(Collected data)

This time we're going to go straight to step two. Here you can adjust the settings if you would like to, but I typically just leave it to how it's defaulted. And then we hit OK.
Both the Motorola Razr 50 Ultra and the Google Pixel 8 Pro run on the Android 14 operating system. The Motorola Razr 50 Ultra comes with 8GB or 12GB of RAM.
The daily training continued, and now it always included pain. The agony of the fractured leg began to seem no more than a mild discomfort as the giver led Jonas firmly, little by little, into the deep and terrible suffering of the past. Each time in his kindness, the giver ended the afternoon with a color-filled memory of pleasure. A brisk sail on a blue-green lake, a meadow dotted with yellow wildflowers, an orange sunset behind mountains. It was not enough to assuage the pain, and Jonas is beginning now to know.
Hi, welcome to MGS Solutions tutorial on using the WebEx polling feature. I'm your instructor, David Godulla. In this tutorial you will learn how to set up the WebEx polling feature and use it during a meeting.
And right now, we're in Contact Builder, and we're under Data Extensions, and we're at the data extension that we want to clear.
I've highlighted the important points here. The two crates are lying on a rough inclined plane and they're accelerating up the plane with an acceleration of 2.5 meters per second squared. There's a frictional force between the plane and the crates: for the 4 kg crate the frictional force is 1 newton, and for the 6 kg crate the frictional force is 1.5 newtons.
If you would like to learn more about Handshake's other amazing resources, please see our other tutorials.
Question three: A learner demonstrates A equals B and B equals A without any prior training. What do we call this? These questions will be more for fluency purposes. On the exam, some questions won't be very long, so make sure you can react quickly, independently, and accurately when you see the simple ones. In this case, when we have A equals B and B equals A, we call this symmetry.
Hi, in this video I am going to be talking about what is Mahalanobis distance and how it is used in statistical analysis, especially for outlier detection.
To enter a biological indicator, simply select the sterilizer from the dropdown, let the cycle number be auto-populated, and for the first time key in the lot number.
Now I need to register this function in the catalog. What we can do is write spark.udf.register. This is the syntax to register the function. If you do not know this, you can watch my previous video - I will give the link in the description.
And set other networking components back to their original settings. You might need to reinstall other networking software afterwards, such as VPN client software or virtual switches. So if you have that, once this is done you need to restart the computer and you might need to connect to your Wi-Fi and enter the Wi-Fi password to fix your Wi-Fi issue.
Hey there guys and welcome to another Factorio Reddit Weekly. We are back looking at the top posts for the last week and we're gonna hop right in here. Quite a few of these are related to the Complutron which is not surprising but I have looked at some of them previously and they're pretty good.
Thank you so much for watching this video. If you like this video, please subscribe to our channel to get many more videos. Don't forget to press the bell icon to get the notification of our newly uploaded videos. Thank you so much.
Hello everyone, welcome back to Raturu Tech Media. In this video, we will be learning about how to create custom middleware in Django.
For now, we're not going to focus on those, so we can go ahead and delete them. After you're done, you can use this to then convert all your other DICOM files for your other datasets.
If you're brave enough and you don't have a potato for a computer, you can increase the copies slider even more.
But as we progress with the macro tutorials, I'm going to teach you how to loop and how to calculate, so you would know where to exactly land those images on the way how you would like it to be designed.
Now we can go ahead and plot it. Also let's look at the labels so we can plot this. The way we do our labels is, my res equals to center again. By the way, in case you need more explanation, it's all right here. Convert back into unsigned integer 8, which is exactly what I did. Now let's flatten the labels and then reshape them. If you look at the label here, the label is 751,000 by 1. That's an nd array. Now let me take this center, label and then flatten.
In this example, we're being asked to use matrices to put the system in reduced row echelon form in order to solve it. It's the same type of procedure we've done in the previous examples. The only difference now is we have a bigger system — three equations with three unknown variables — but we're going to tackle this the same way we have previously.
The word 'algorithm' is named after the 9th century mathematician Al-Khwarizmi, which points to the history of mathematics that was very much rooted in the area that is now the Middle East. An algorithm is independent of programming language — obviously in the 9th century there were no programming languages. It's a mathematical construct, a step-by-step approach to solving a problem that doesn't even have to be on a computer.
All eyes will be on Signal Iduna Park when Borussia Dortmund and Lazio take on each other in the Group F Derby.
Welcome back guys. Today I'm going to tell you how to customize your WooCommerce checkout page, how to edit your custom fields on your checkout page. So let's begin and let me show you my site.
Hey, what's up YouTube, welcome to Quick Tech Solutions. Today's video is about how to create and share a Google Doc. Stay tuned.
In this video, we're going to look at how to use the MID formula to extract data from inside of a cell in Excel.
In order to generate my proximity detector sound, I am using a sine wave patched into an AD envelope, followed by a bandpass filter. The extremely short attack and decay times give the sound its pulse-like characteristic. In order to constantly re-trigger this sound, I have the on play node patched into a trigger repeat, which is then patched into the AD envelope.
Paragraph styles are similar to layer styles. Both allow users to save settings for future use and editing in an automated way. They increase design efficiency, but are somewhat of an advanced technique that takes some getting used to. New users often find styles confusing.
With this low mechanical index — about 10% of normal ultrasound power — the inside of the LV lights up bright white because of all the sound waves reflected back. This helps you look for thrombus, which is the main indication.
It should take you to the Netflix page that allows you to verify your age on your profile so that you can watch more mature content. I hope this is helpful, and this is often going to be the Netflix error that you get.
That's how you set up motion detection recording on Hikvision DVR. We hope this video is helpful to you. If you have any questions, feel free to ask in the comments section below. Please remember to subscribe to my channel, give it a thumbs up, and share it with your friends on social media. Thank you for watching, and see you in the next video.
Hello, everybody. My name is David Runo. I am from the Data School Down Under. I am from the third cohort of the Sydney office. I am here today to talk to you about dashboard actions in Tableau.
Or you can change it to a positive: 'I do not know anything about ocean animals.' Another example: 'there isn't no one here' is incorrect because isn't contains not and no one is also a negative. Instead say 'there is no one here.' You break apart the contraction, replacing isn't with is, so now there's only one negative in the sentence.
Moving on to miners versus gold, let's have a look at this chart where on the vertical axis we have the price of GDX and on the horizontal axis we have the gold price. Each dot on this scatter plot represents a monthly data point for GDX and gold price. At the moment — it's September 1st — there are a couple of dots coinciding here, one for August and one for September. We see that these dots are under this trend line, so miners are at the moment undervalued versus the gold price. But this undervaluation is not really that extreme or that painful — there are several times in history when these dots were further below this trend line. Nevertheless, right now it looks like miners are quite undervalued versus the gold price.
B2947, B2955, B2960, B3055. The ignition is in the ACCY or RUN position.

TASK DESCRIPTION | Output all the lines above, matching them word for word.

YOUR SOLUTION |
This time we're going to go straight to step two. Here you can adjust the settings if you would like to, but I typically just leave it to how it's defaulted. And then we hit OK.
Both the Motorola Razr 50 Ultra and the Google Pixel 8 Pro run on the Android 14 operating system. The Motorola Razr 50 Ultra comes with 8GB or 12GB of RAM.
The daily training continued, and now it always included pain. The agony of the fractured leg began to seem no more than a mild discomfort as the giver led Jonas firmly, little by little, into the deep and terrible suffering of the past. Each time in his kindness, the giver ended the afternoon with a color-filled memory of pleasure. A brisk sail on a blue-green lake, a meadow dotted with yellow wildflowers, an orange sunset behind mountains. It was not enough to assuage the pain, and Jonas is beginning now to know.
Hi, welcome to MGS Solutions tutorial on using the WebEx polling feature. I'm your instructor, David Godulla. In this tutorial you will learn how to set up the WebEx polling feature and use it during a meeting.
And right now, we're in Contact Builder, and we're under Data Extensions, and we're at the data extension that we want to clear.
I've highlighted the important points here. The two crates are lying on a rough inclined plane and they're accelerating up the plane with an acceleration of 2.5 meters per second squared. There's a frictional force between the plane and the crates: for the 4 kg crate the frictional force is 1 newton, and for the 6 kg crate the frictional force is 1.5 newtons.
If you would like to learn more about Handshake's other amazing resources, please see our other tutorials.
Question three: A learner demonstrates A equals B and B equals A without any prior training. What do we call this? These questions will be more for fluency purposes. On the exam, some questions won't be very long, so make sure you can react quickly, independently, and accurately when you see the simple ones. In this case, when we have A equals B and B equals A, we call this symmetry.
Hi, in this video I am going to be talking about what is Mahalanobis distance and how it is used in statistical analysis, especially for outlier detection.
To enter a biological indicator, simply select the sterilizer from the dropdown, let the cycle number be auto-populated, and for the first time key in the lot number.
Now I need to register this function in the catalog. What we can do is write spark.udf.register. This is the syntax to register the function. If you do not know this, you can watch my previous video - I will give the link in the description.
And set other networking components back to their original settings. You might need to reinstall other networking software afterwards, such as VPN client software or virtual switches. So if you have that, once this is done you need to restart the computer and you might need to connect to your Wi-Fi and enter the Wi-Fi password to fix your Wi-Fi issue.
Hey there guys and welcome to another Factorio Reddit Weekly. We are back looking at the top posts for the last week and we're gonna hop right in here. Quite a few of these are related to the Complutron which is not surprising but I have looked at some of them previously and they're pretty good.
Thank you so much for watching this video. If you like this video, please subscribe to our channel to get many more videos. Don't forget to press the bell icon to get the notification of our newly uploaded videos. Thank you so much.
Hello everyone, welcome back to Raturu Tech Media. In this video, we will be learning about how to create custom middleware in Django.
For now, we're not going to focus on those, so we can go ahead and delete them. After you're done, you can use this to then convert all your other DICOM files for your other datasets.
If you're brave enough and you don't have a potato for a computer, you can increase the copies slider even more.
But as we progress with the macro tutorials, I'm going to teach you how to loop and how to calculate, so you would know where to exactly land those images on the way how you would like it to be designed.
Now we can go ahead and plot it. Also let's look at the labels so we can plot this. The way we do our labels is, my res equals to center again. By the way, in case you need more explanation, it's all right here. Convert back into unsigned integer 8, which is exactly what I did. Now let's flatten the labels and then reshape them. If you look at the label here, the label is 751,000 by 1. That's an nd array. Now let me take this center, label and then flatten.
In this example, we're being asked to use matrices to put the system in reduced row echelon form in order to solve it. It's the same type of procedure we've done in the previous examples. The only difference now is we have a bigger system — three equations with three unknown variables — but we're going to tackle this the same way we have previously.
The word 'algorithm' is named after the 9th century mathematician Al-Khwarizmi, which points to the history of mathematics that was very much rooted in the area that is now the Middle East. An algorithm is independent of programming language — obviously in the 9th century there were no programming languages. It's a mathematical construct, a step-by-step approach to solving a problem that doesn't even have to be on a computer.
All eyes will be on Signal Iduna Park when Borussia Dortmund and Lazio take on each other in the Group F Derby.
Welcome back guys. Today I'm going to tell you how to customize your WooCommerce checkout page, how to edit your custom fields on your checkout page. So let's begin and let me show you my site.
Hey, what's up YouTube, welcome to Quick Tech Solutions. Today's video is about how to create and share a Google Doc. Stay tuned.
In this video, we're going to look at how to use the MID formula to extract data from inside of a cell in Excel.
In order to generate my proximity detector sound, I am using a sine wave patched into an AD envelope, followed by a bandpass filter. The extremely short attack and decay times give the sound its pulse-like characteristic. In order to constantly re-trigger this sound, I have the on play node patched into a trigger repeat, which is then patched into the AD envelope.
Paragraph styles are similar to layer styles. Both allow users to save settings for future use and editing in an automated way. They increase design efficiency, but are somewhat of an advanced technique that takes some getting used to. New users often find styles confusing.
With this low mechanical index — about 10% of normal ultrasound power — the inside of the LV lights up bright white because of all the sound waves reflected back. This helps you look for thrombus, which is the main indication.
It should take you to the Netflix page that allows you to verify your age on your profile so that you can watch more mature content. I hope this is helpful, and this is often going to be the Netflix error that you get.
That's how you set up motion detection recording on Hikvision DVR. We hope this video is helpful to you. If you have any questions, feel free to ask in the comments section below. Please remember to subscribe to my channel, give it a thumbs up, and share it with your friends on social media. Thank you for watching, and see you in the next video.
Hello, everybody. My name is David Runo. I am from the Data School Down Under. I am from the third cohort of the Sydney office. I am here today to talk to you about dashboard actions in Tableau.
Or you can change it to a positive: 'I do not know anything about ocean animals.' Another example: 'there isn't no one here' is incorrect because isn't contains not and no one is also a negative. Instead say 'there is no one here.' You break apart the contraction, replacing isn't with is, so now there's only one negative in the sentence.
Moving on to miners versus gold, let's have a look at this chart where on the vertical axis we have the price of GDX and on the horizontal axis we have the gold price. Each dot on this scatter plot represents a monthly data point for GDX and gold price. At the moment — it's September 1st — there are a couple of dots coinciding here, one for August and one for September. We see that these dots are under this trend line, so miners are at the moment undervalued versus the gold price. But this undervaluation is not really that extreme or that painful — there are several times in history when these dots were further below this trend line. Nevertheless, right now it looks like miners are quite undervalued versus the gold price.
B2947, B2955, B2960, B3055. The ignition is in the ACCY or RUN position.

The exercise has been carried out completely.